Second sous-groupe : l'Enseignement primaire supérieur et les Cours complémentaires constituent le «secondaire du primaire». Un enseignement gratuit et accessible aux meilleurs élèves des familles ouvrières. On y forme petits fonctionnaires, employés de commerce, exploitants agricoles, cadres moyens de l'industrie par une poursuite d'études courte pouvant comporter dans certains cas une formation professionnelle. Le cours complémentaire permet de «pousser» les bons élèves jusqu'à l'entrée à l'école normale d'instituteurs,

Troisième sous-groupe : l'enseignement technique à peine émergent composé d'écoles pratiques du commerce et de l'industrie (1892), d'écoles nationales professionnelles (1900), et d'écoles professionnelles de la Ville de Paris (1900).
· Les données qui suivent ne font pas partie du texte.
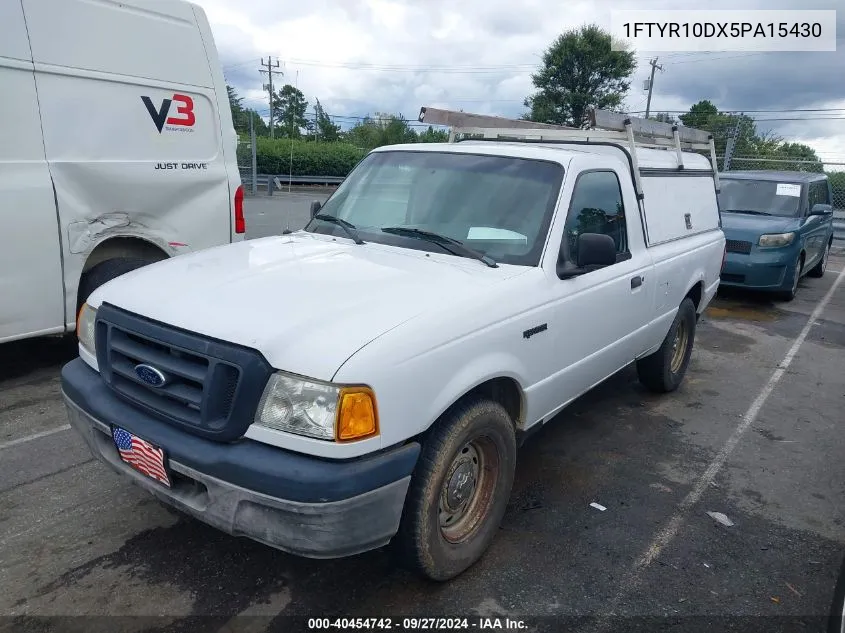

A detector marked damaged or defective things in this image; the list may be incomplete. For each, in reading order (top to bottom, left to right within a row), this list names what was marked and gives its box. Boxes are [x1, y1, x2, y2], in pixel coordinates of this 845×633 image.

rusty steel wheel rim [668, 318, 688, 372]
rusty steel wheel rim [438, 434, 498, 544]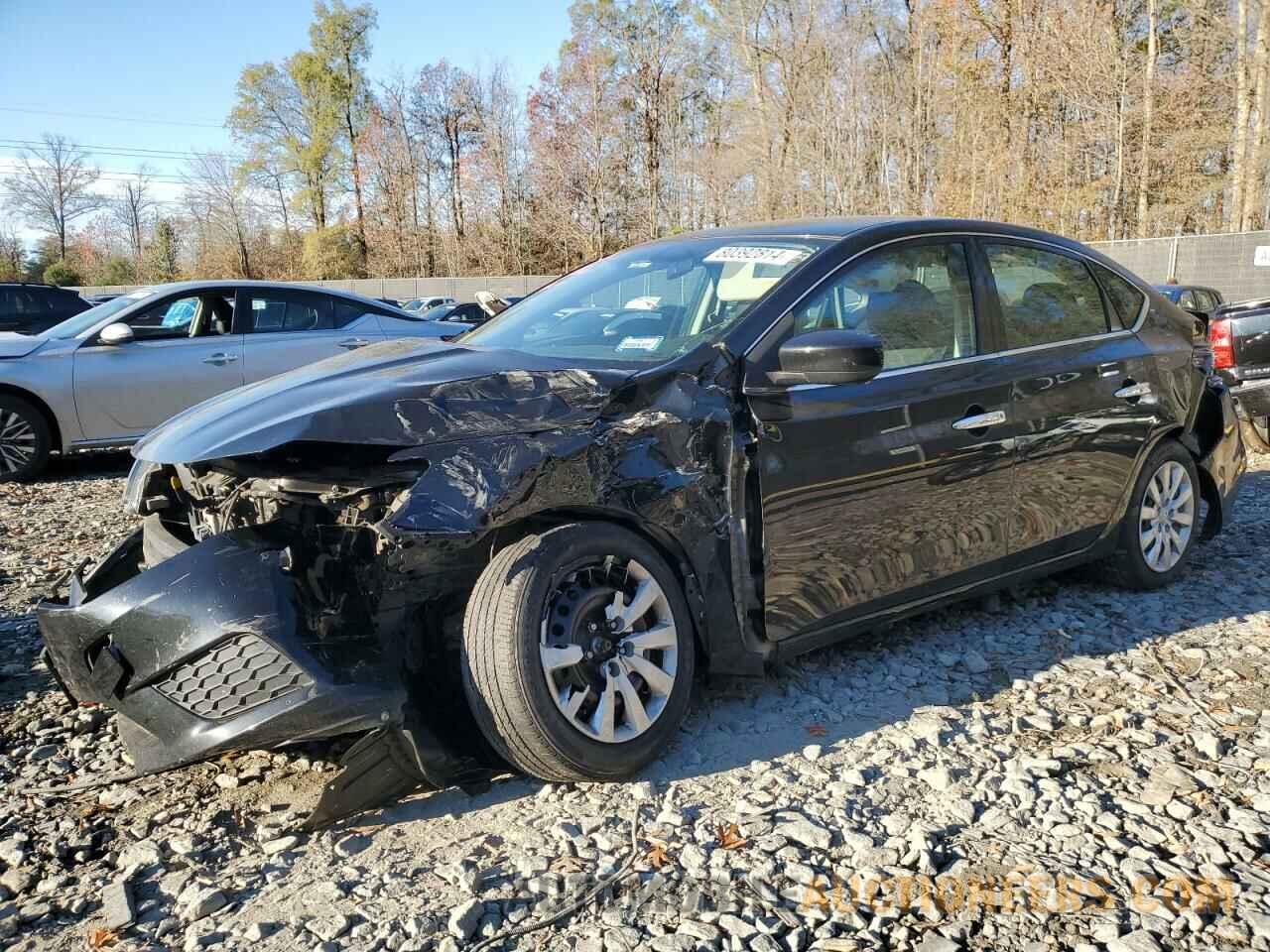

Sont institués des comités départementaux et cantonaux de l'enseignement technique (1911) ainsi que le certificat de capacité professionnelle (1911).

Remédier à la crise de l'apprentissage

Il est opportun de rappeler qu'à la fin de l'Ancien régime, et bien avant les débuts de la Révolution de 1789, les abus du système des corporations avaient été de plus en plus dénoncés : apprentis en butte à des droits de maîtrise et taxes, durée de l'apprentissage fonction du coût versé au maître, monopole des corporations.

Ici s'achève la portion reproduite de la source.